HONEST IZZY
A lot could be done in ten days, when a man knew what he was after. It was exactly ten days later. Bruce Gordon stood in the motley crowd inside the barnlike room where Fats ran a bar along one wall, and filled the rest of the space with assorted tables—all worn. Gordon was sweating slightly as he stood at the roulette table, where both zero and double-zero were reserved for the house.

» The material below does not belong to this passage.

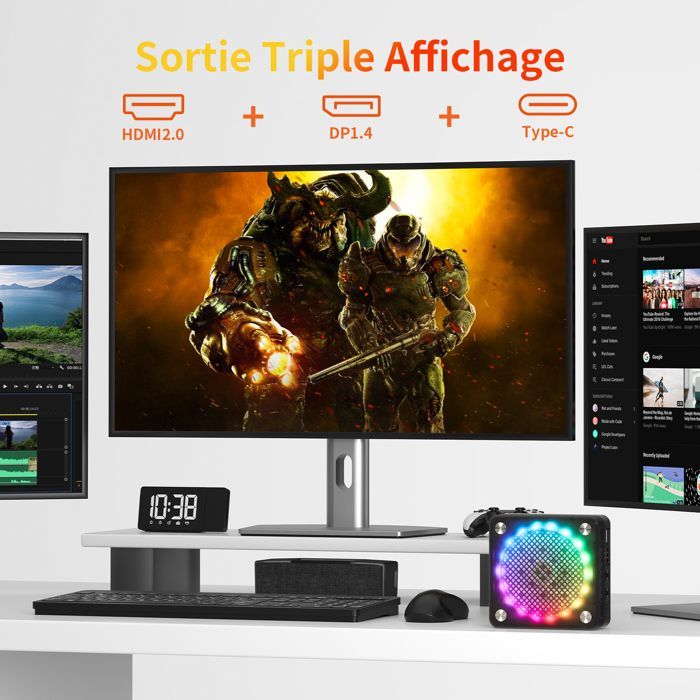 AWOW Mini Gaming PC AMD Ryzen 7 7840HS (8c/5.1GHz), 32 GB DDR5, 1 TB SSD, Radeon 780M, 4K, WiFi 6, BT 5.2, 2xLAN 2.5G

The croupier was a little wizened man wanted on Earth. His eyes darted down to the point of the knife that showed under Gordon's sleeve, and he licked his lips, showing snaggled teeth. The wheel hesitated and came to a halt, with the ball trembling in a pocket.
"Twenty-one wins again." He pushed chips toward Gordon, as if every one of them came out of his own pay. "Place your bets."
Two others around the table watched narrowly as Gordon left his chips where they were; they then exchanged looks and shook their heads. In a Martian roulette game, numbers with that much riding just didn't turn up. The croupier shifted his weight, then caught the wheel and spun it savagely.
Gordon's leg ached from his strained position, but he shifted his weight onto it more heavily, and sweat popped out on the croupier's face. His eyes darted down, to where the full weight of Gordon seemed to rest on the heel that was grinding into his instep. He tried to pull his foot off the button that was concealed in the floor.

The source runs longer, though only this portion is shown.